Like most beans, chickpeas are low in saturated fat, cholesterol and sodium. They’re also a good source of dietary fiber, protein and copper, as well as folate and manganese. Just as important, chickpeas are inexpensive!
This recipe comes to us from Second Harvest Food Bank of North Central Ohio, which provides food to 112 food pantries across the region, including THRIVE! Partners Oberlin Community Services and Well-Help. Here's the delicious recipe. Serve with your favorite dipping sauce! INGREDIENTS 1/2 cup panko or gluten-free breadcrumbs 1/2 cup rolled oats 1 (15-ounce) can garbanzo beans (do not drain) 1 teaspoon kosher salt 1/2 teaspoon garlic powder or 1 clove fresh garlic, minced 1/2 teaspoon onion powder or a half medium onion, chopped fine
PREPARATION Arrange a rack in the middle of the oven and heat to 375°F. Place the panko on a rimmed baking sheet and bake until toasted and golden-brown, about 5 minutes. Transfer to a bowl and set aside to cool while preparing the nuggets. Line the baking sheet with parchment paper. Place the oats in a food processor fitted with the blade attachment and process into a fine flour. Transfer to a large bowl and reserve the food processor.
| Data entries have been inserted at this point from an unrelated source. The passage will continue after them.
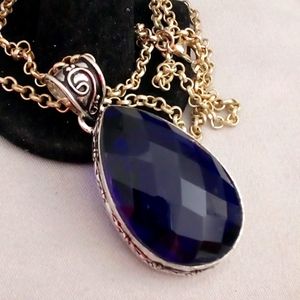 Gorgeous sapphire cocktail pendant 💎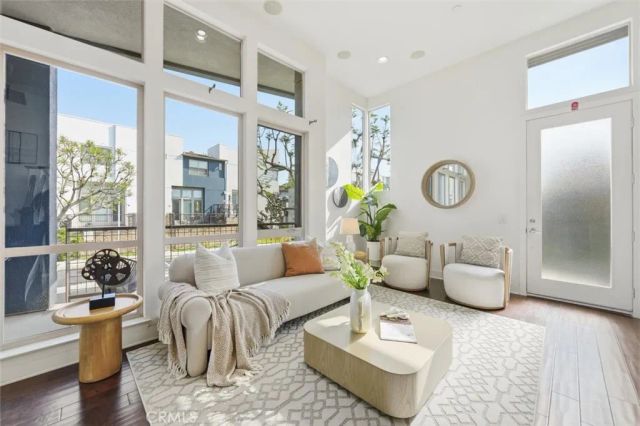 5506 W 149th Place 5, Hawthorne, CA 90250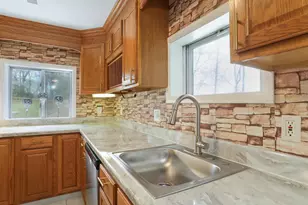 112 Riverview Dr, Falling Waters, WV 25419 - Photo 17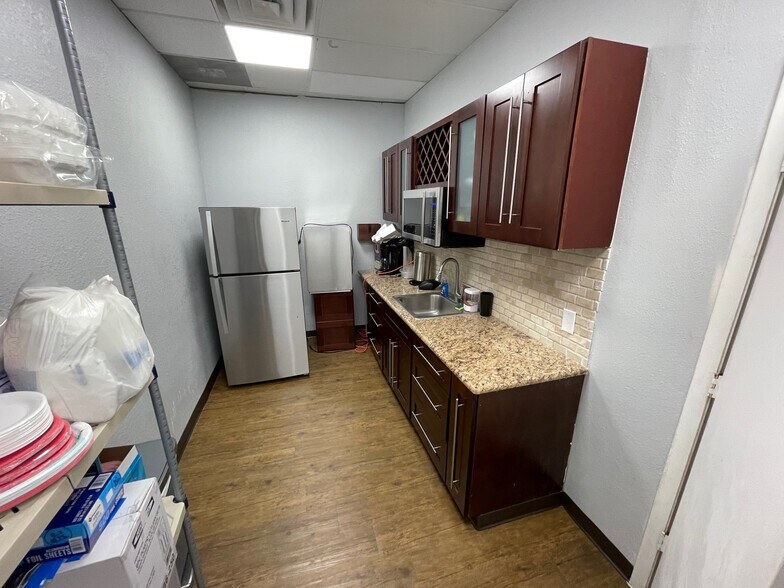 More Photos Of 6827 N Orange Blossom Trl, Orlando Unknown For Lease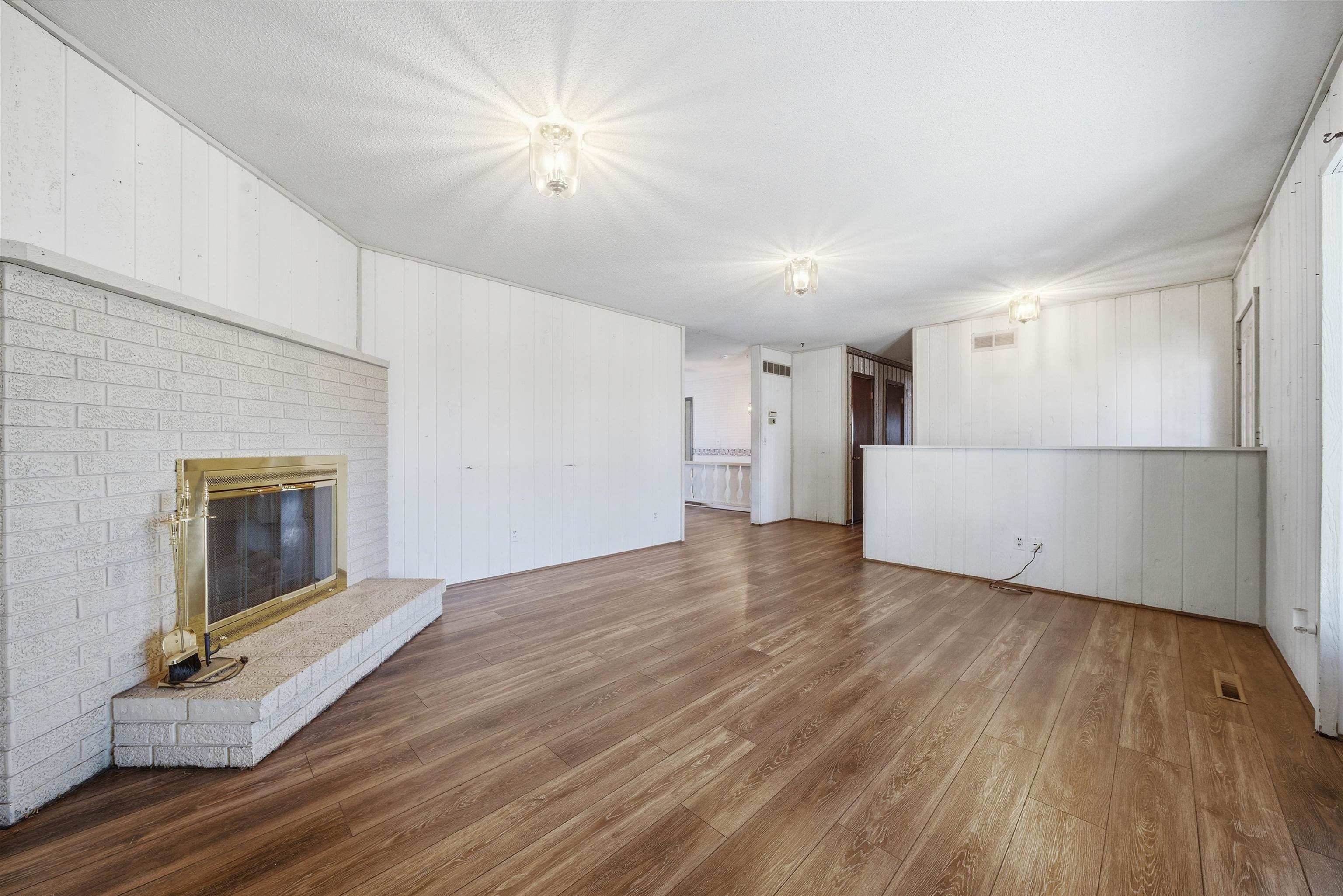 209 W Garnett Court Garden Plain KS 67050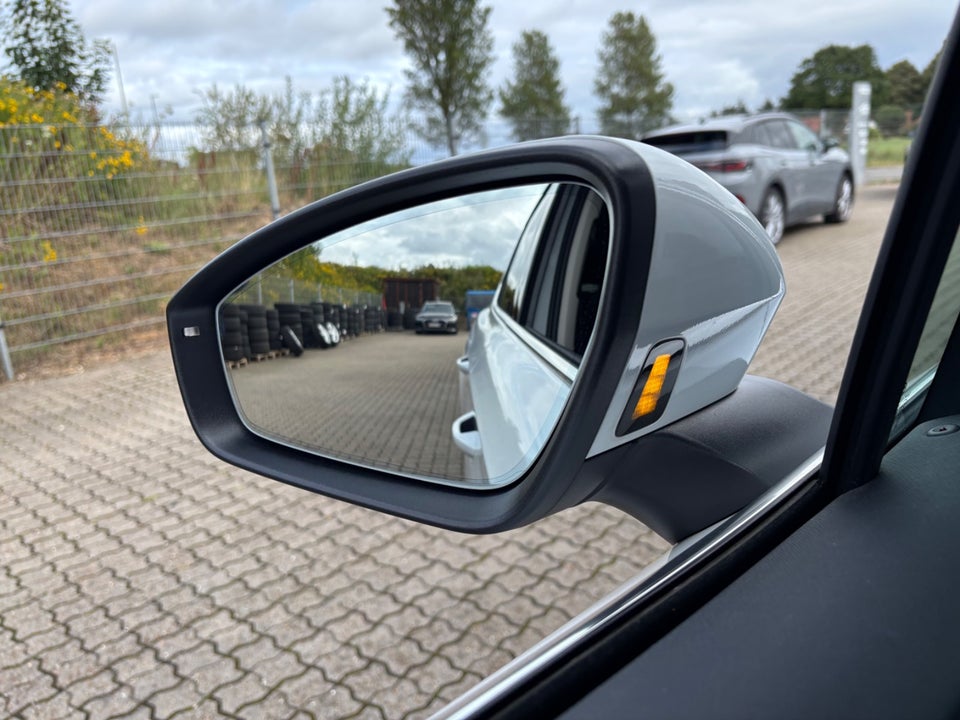 Skoda Enyaq 80 iV Loft 5d
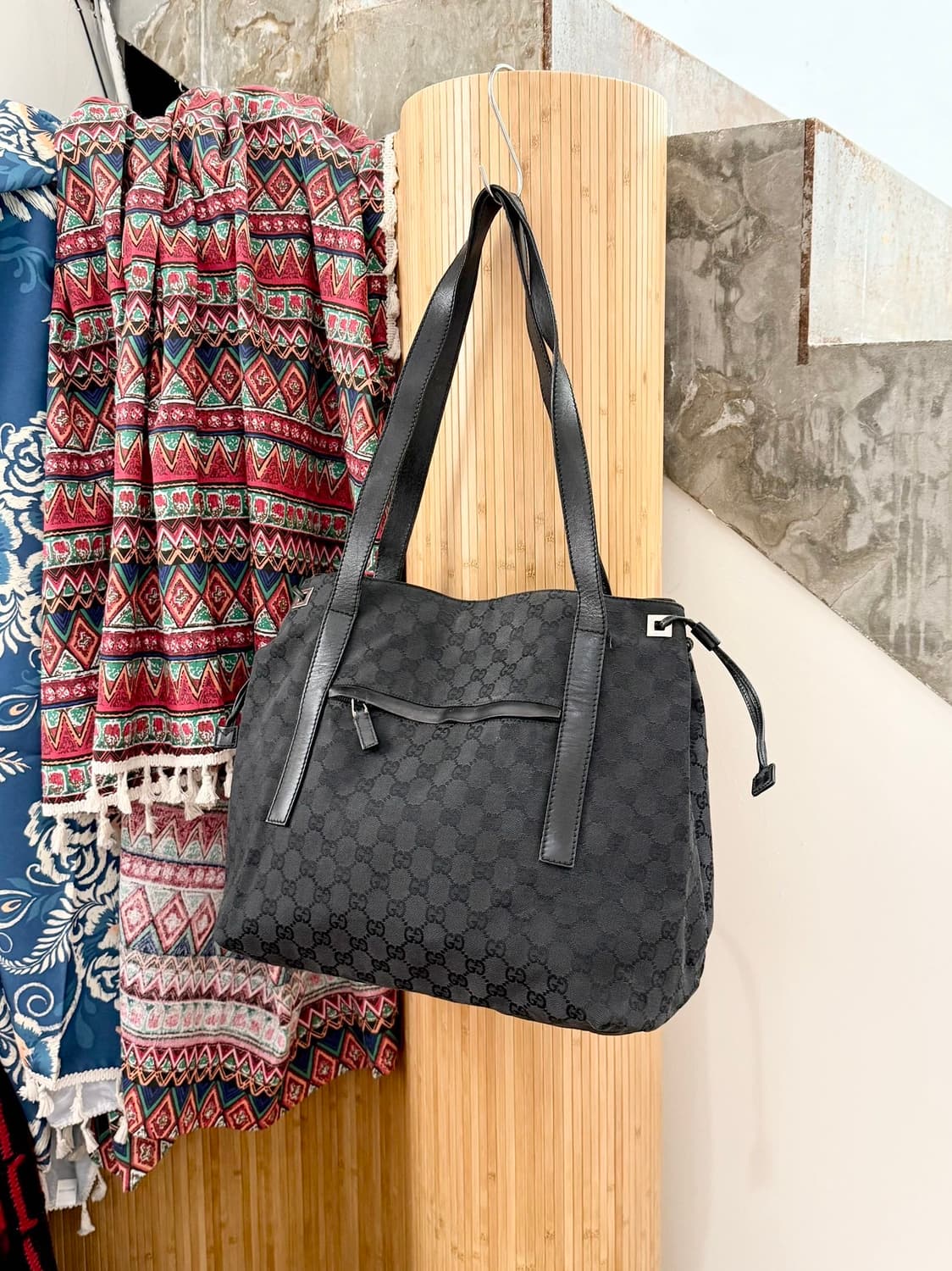 구찌 블랙 GG 캔버스 미디움 토트백 상품이미지1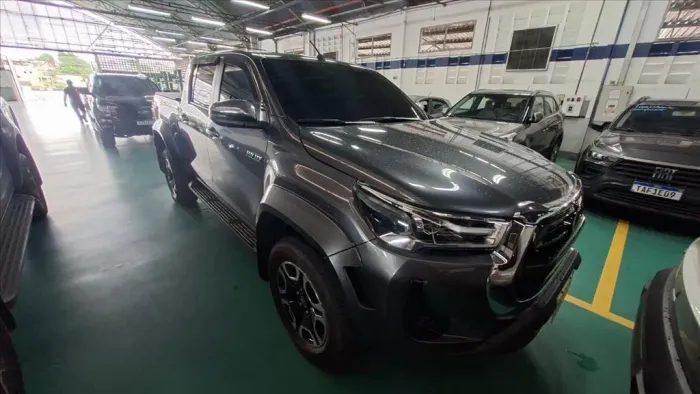 Toyota Hilux CD SRX Plus 4X4 2.8 TDI Die. Aut. 2025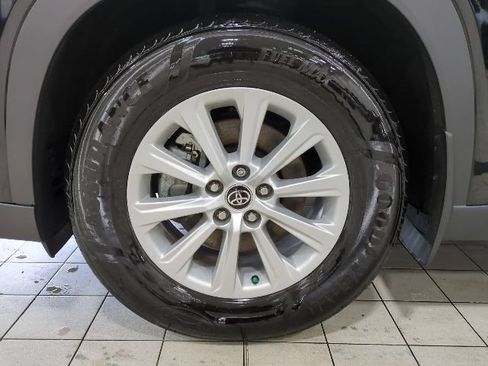 Used 2025 Toyota Grand Highlander AWD Hybrid image 28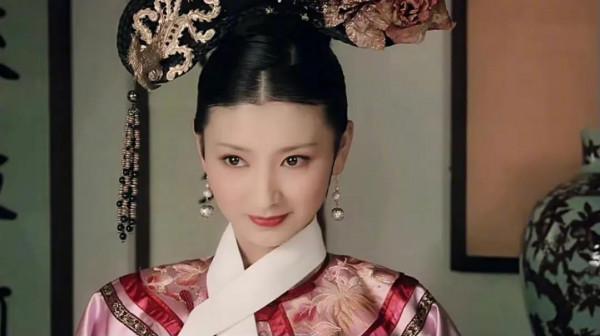 甄嬛傳沒火起來的演員：流朱26歲，剪秋才25歲，眉莊演鞠婧禕的媽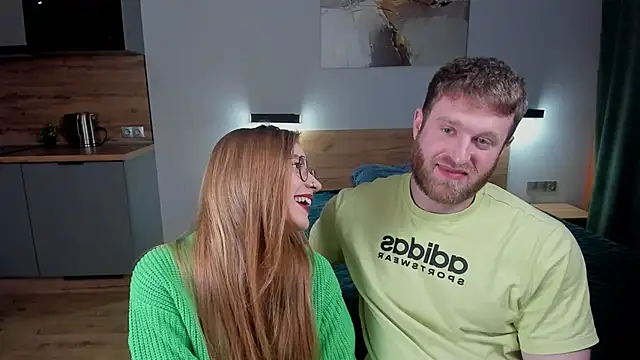 Snapshot of Enjoy_everymoment_ chatting on February 2025 08:41:01 PM Enjoy everymoment online show from February 2025 08:41:01 PM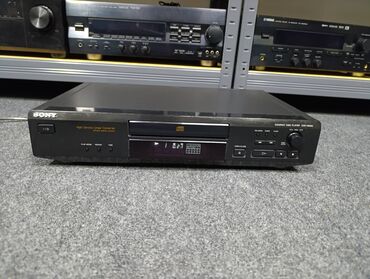 Pojačala i prijemnici: Sony CDP XE 220 Stereo Compact Disc Player Specifikacija Disc — 1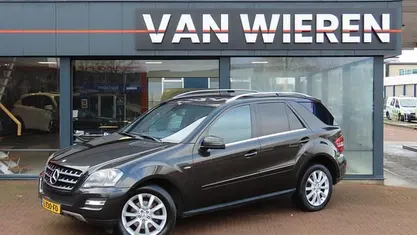 Bruin (metallic) Gebruikt 2011 Mercedes 300 Edition SUV | € 7.950 (Eerlijke prijs)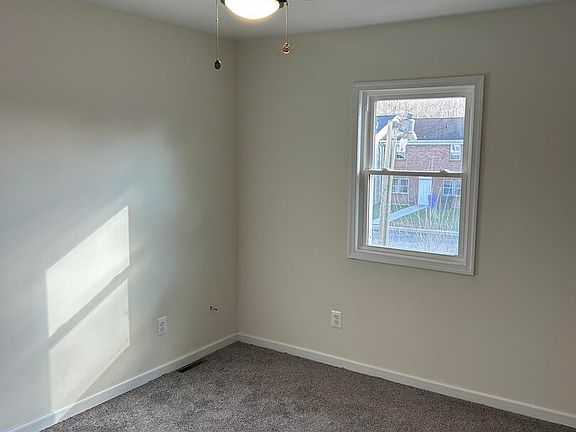 5th image of 64 Willow Ct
Drain the chickpeas over a bowl or measuring cup, then save the chickpeas and 1/4 cup of the liquid. Place the chickpeas into the food processor; add the salt, garlic, and onion powder; and pulse until crumbly. Keep mixture in the food processor. Whisk 1/4 cup of the chickpea liquid in a small mixing bowl until foamy. Add the foamy chickpea liquid and 1/2 cup of the oat flour to the food processor. Pulse until the mixture forms a ball. You may have a little oat flour leftover, which you can add to the chickpea mixture 1 tablespoon at a time if the mixture is loose. Divide the chickpea mixture into 12 equal portions and shape each one into a nugget. Coat each nugget completely in the toasted panko and place on the parchment-lined baking sheet. Bake until crispy, 15 to 20 minutes. Serve warm with your favorite dipping sauce.